MODULE_LICENSE(“GPL”); MODULE_AUTHOR(“Stephan Berger”); MODULE_DESCRIPTION(“Simple Kernel Module for teaching Linux hardening techniques”); MODULE_VERSION(“0.1”);

Next, We create a file called Makefile in the same directory as our dfir.c source file:

obj-m += dfir.o

all: make -C /lib/modules/$(shell uname -r)/build M=$(PWD) modules

clean: make -C /lib/modules/$(shell uname -r)/build M=$(PWD) clean

And we compile our kernel module:

make

We see a lot of output, but the main thing to focus on is the filename of our compiled Kernel module, dfir.ko:

make -C /lib/modules/6.8.0-31-generic/build M=/root modules make[1]: Entering directory ‘/usr/src/linux-headers-6.8.0-31-generic’ warning: the compiler differs from the one used to build the kernel The kernel was built by: x86_64-linux-gnu-gcc-13 (Ubuntu 13.2.0-23ubuntu4) 13.2.0 You are using: gcc-13 (Ubuntu 13.2.0-23ubuntu4) 13.2.0 CC [M] /root/dfir.o MODPOST /root/Module.symvers CC [M] /root/dfir.mod.o LD [M] /root/dfir.ko BTF [M] /root/dfir.ko Skipping BTF generation for /root/dfir.ko due to unavailability of vmlinux make[1]: Leaving directory ‘/usr/src/linux-headers-6.8.0-31-generic’

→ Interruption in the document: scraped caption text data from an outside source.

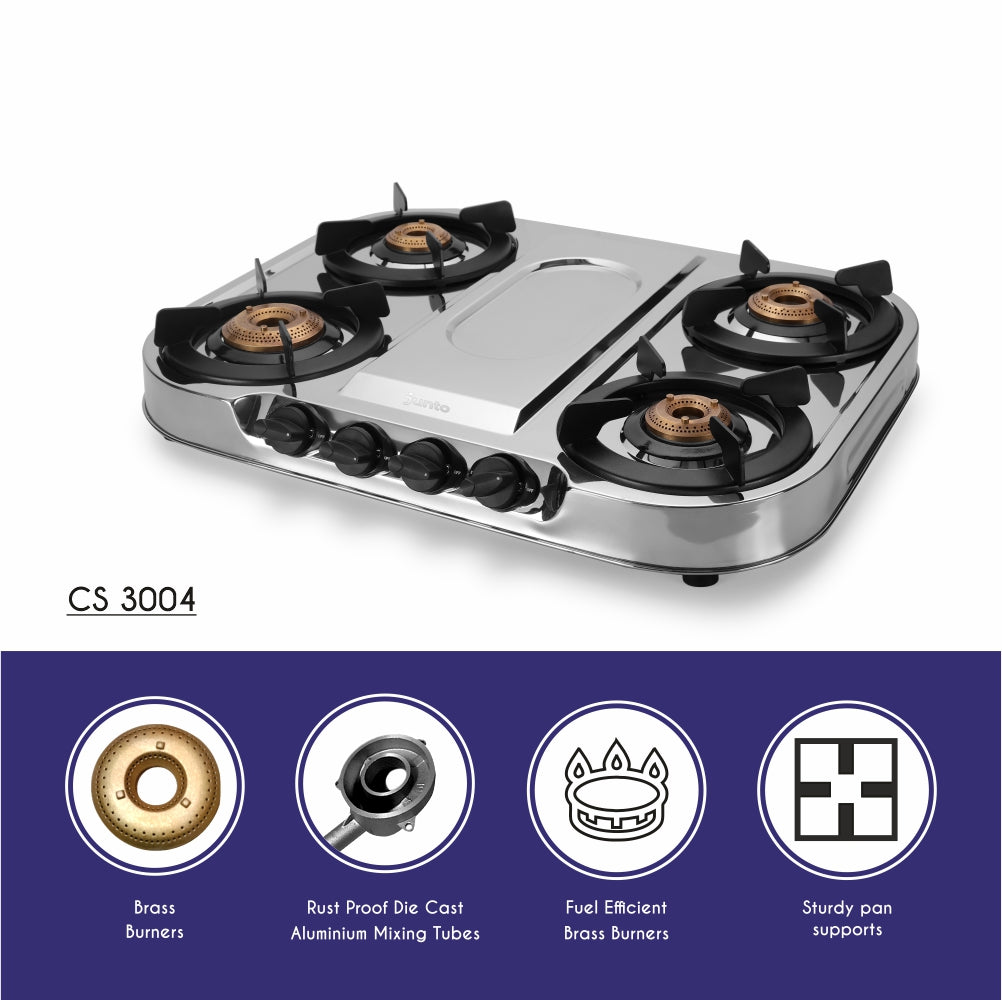 UCOOK JUNTO By United Ekta Engg. CS3004 Series 4-Burner Steel Cooktop, Silver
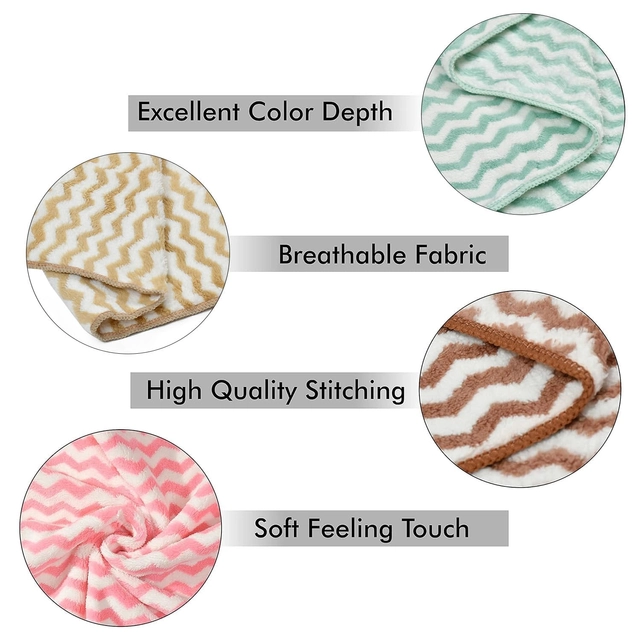 Cotton 400 GSM Striped Hand Towels (Multicolor, 40x60 cm) (Pack of 4)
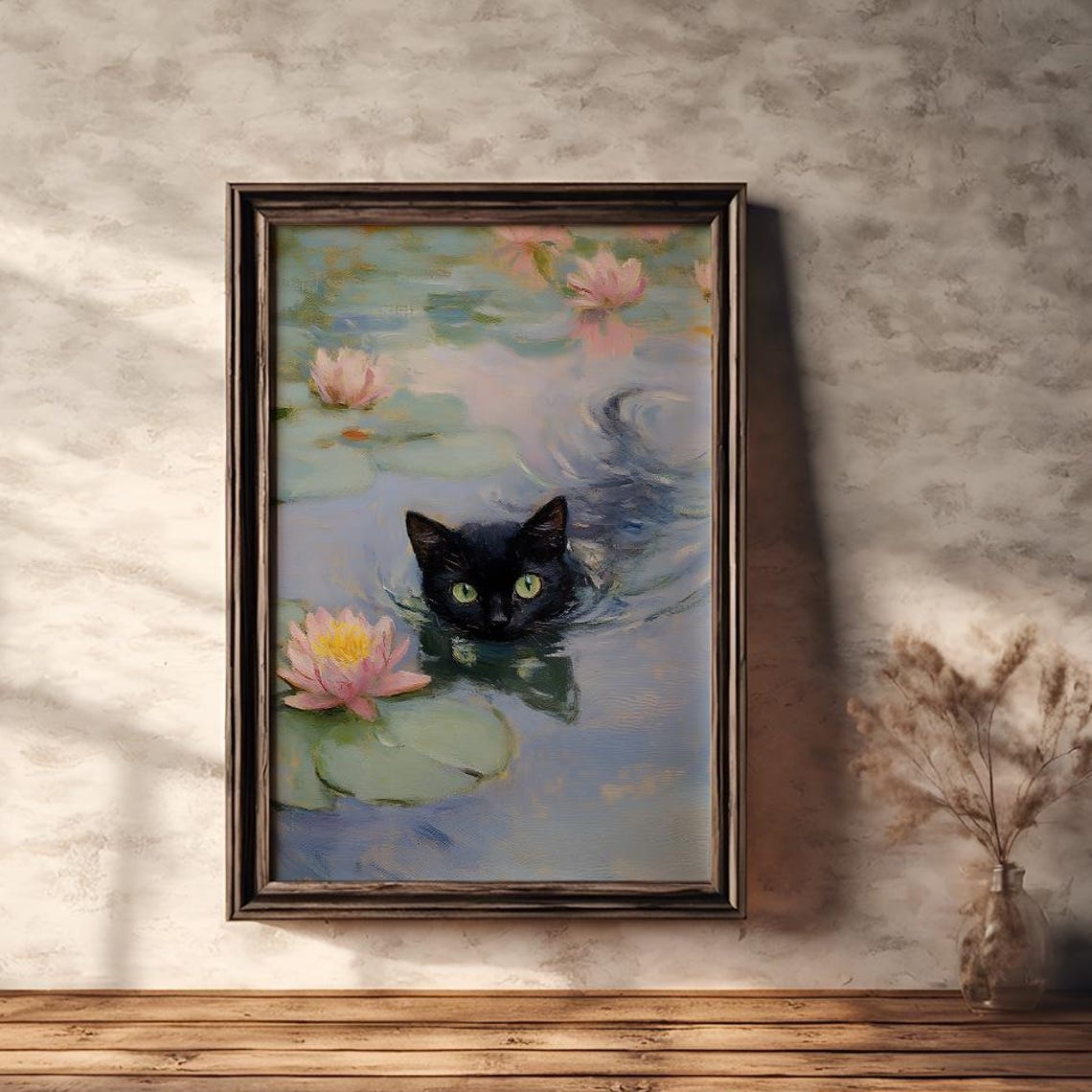 Black Cat Swimming Among Pink Water Lilies Impressionist Poster
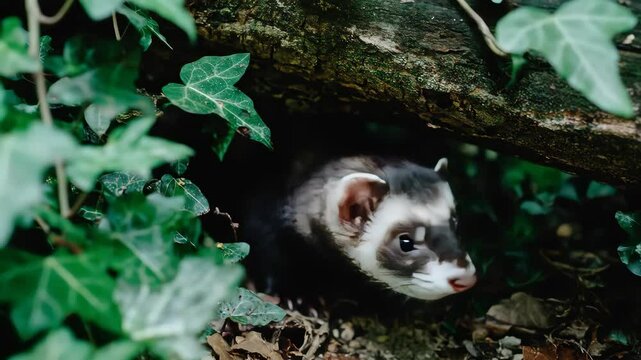 Ferret peers out curiously amid green foliage Its dark eyes and patterned face show playful alertness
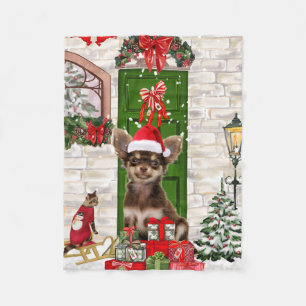 Chihuahua Dog Christmas Fleece Blanket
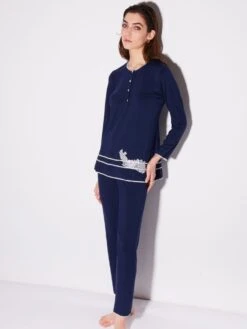 Modal Pyjama Mit Knopfleiste Von Chiara Fiorini -Amoena Verkaufs-Shop pyjama modal blu cf1374 chiara fiorini 9 1
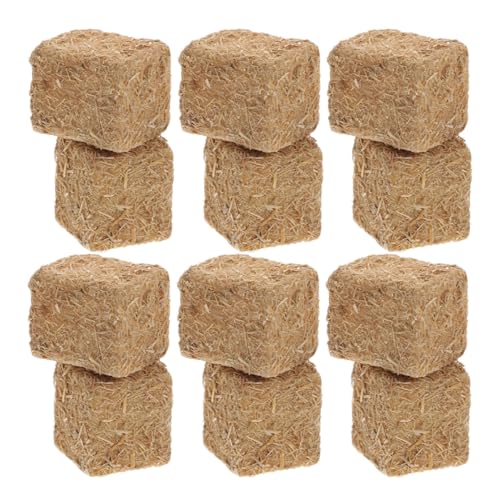TOBBOMEY 12 Stück Teiliges Miniatur Heuballen Stapelbare Realistische Heurick Deko Robuste Wetterfeste Mini Haystacks für Puppenhaus Miniaturgärten und Miniatur Dekor von TOBBOMEY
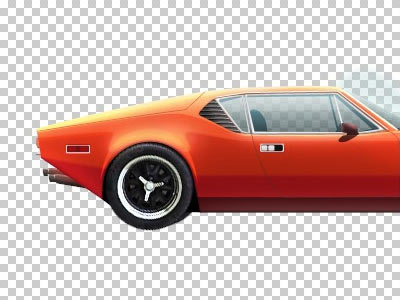 De Tomaso Pantera car illustration orange wip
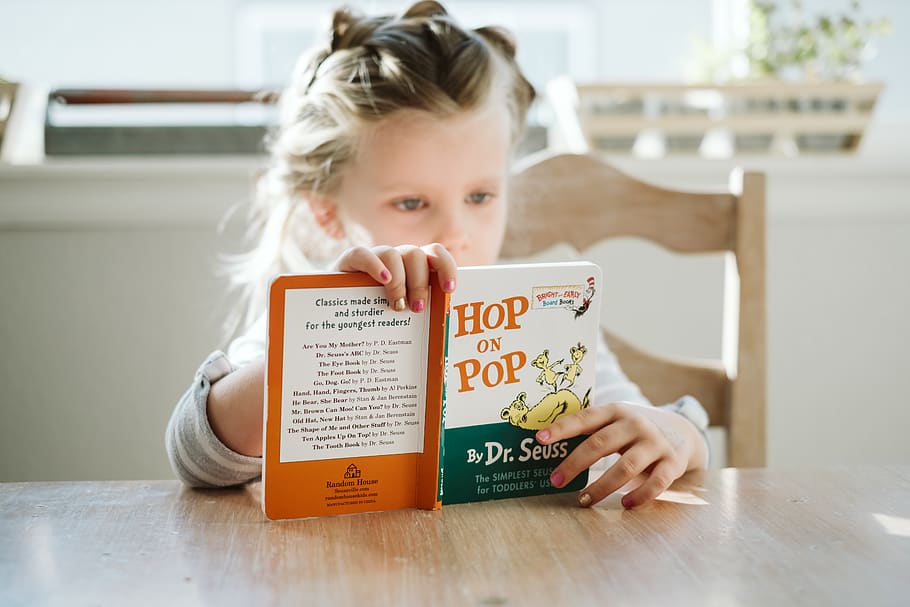 girl sitting while reading book, childhood, one person, headshot HD wallpaper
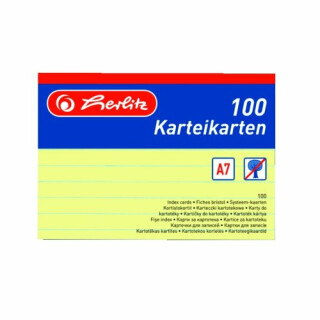 Herlitz - Karty do kartotéky A7, žluté, linka - 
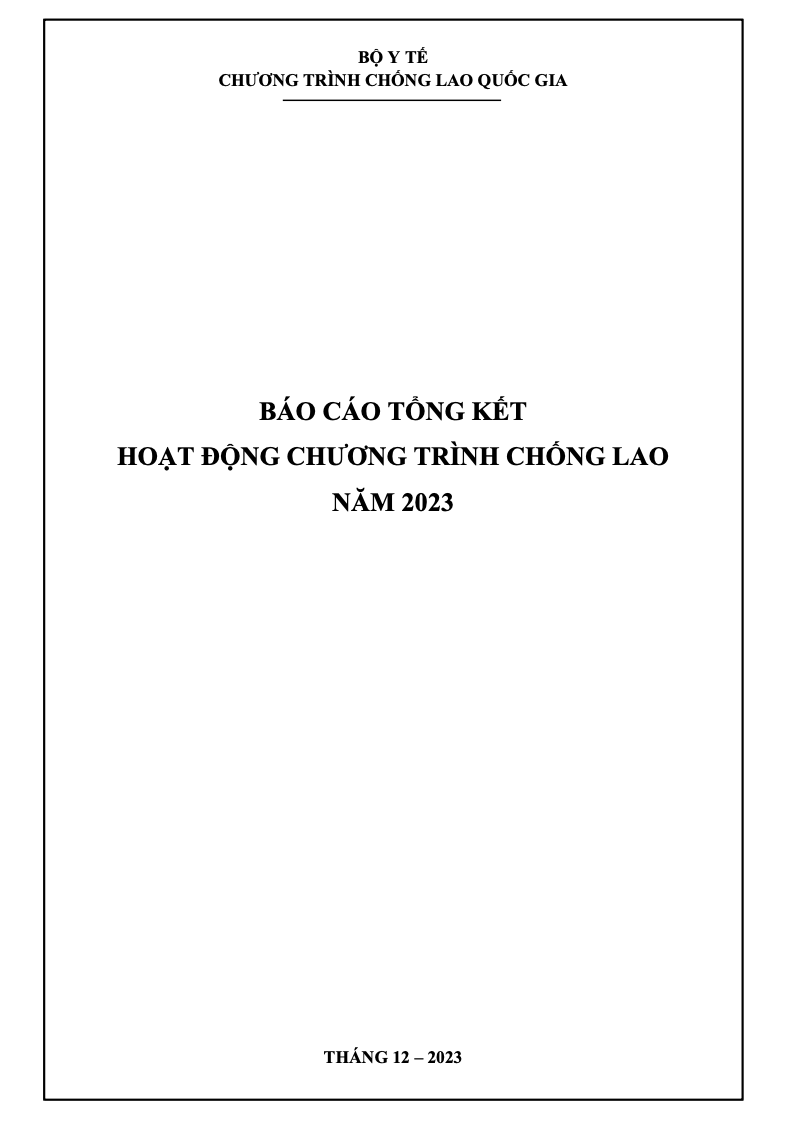 Báo cáo Tổng kết Hoạt động Chương trình Chống Lao năm 2023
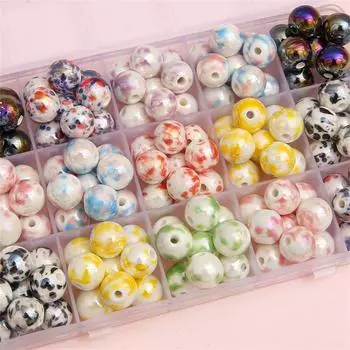 20 шт., 12 мм, керамические гладкие круглые бусины с узором всплеска чернил, для изготовления ювелирных изделий, очаровательное украшение «сделай сам» approx 12mm 6pcs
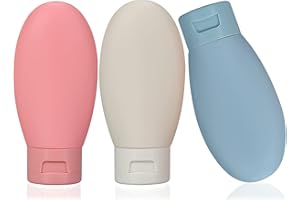 LIYUABU 3 pezzi set di bottiglie da viaggio,60ml bottiglie da viaggio e contenitori, piccole mini bottiglie di plastica vuote da spremere per articoli da toilette da viaggio con borsa di stoccaggio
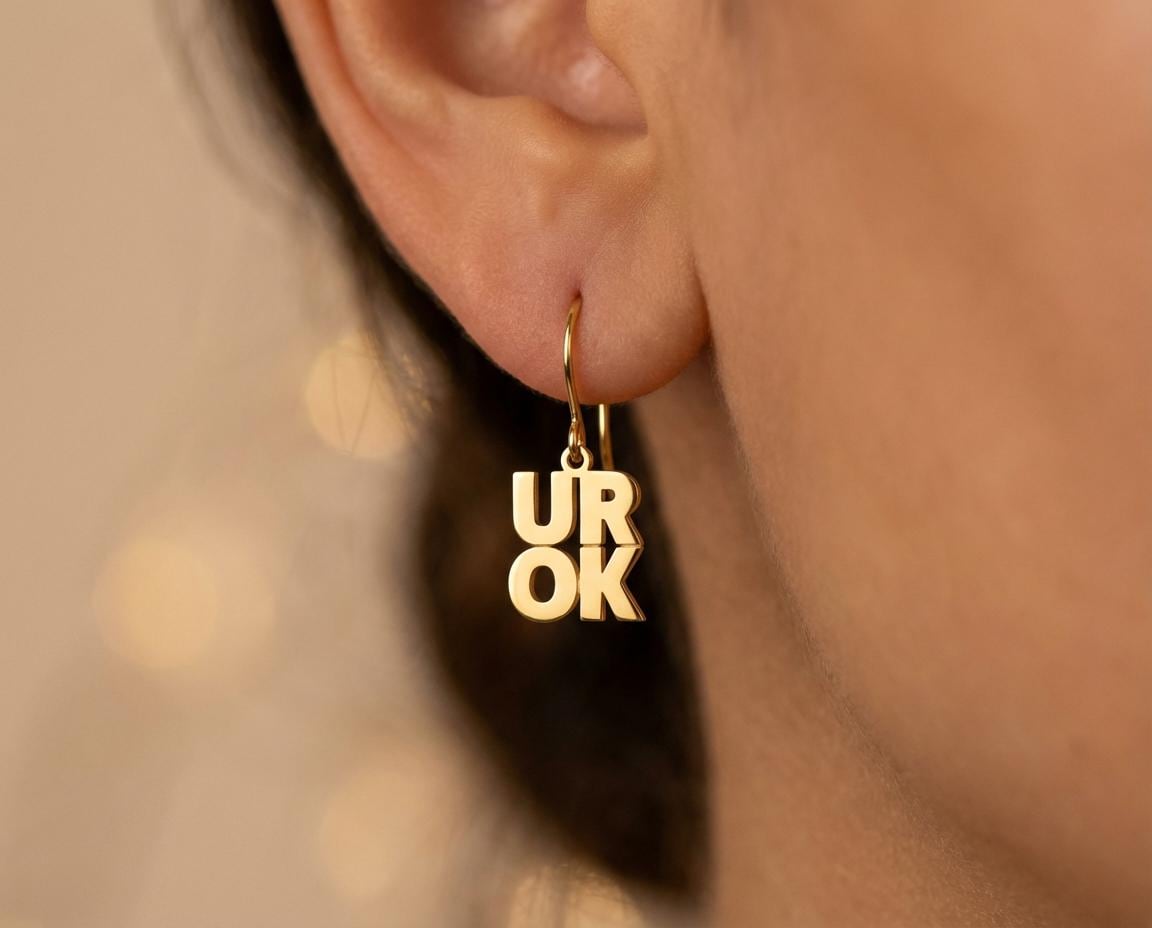 Ur Ok Earring: Gold Plated Statement Jewelry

We load the module with the command insmod:

insmod dfir.ko

Checking the logs (the command dmesg displays the message buffer of the kernel) if we see a successful load from our module - and yes, looks about right:

dmesg | tail

[..] [19323.400599] Hello, DFIR!

Same for unloading with the command rmmod:

rmmod dfir

dmesg | tail

[..] [19388.285645] Goodbye, DFIR!

Hardening

As stated above, the kernel setting modules_disabled is not enabled by default:

cat /proc/sys/kernel/modules_disabled

0

Let’s enable the feature to see the impact of it:

echo 1 > /proc/sys/kernel/modules_disabled

Once set, all subsequent attempts to load or unload kernel modules will fail. This change is permanent for the running kernel session and cannot be reverted without a reboot. Ensure all necessary modules are loaded before enabling this setting, as any attempt to load additional modules post-enablement will fail. As we see here, it’s not possible anymore to load our kernel module:

insmod dfir.ko

insmod: ERROR: could not insert module dfir.ko: Operation not permitted

And switching the flag back is not possible too, only after a reboot of the machine:

sysctl -w kernel.modules_disabled=0

sysctl: setting key “kernel.modules_disabled”: Invalid argument

And the unloading of already loaded modules is also not possible:

sysctl -w kernel.modules_disabled=1

kernel.modules_disabled = 1

rmmod dfir

rmmod: ERROR: ../libkmod/libkmod-module.c:856 kmod_module_remove_module() could not remove ‘dfir’: Operation not permitted rmmod: ERROR: could not remove module dfir: Operation not permitted

Conclusion

The kernel.modules_disabled parameter in the Linux kernel provides a robust security feature by preventing the loading and unloading of kernel modules, thereby hardening the system against low-level attacks, such as those involving rootkits. However, by default, this setting is disabled.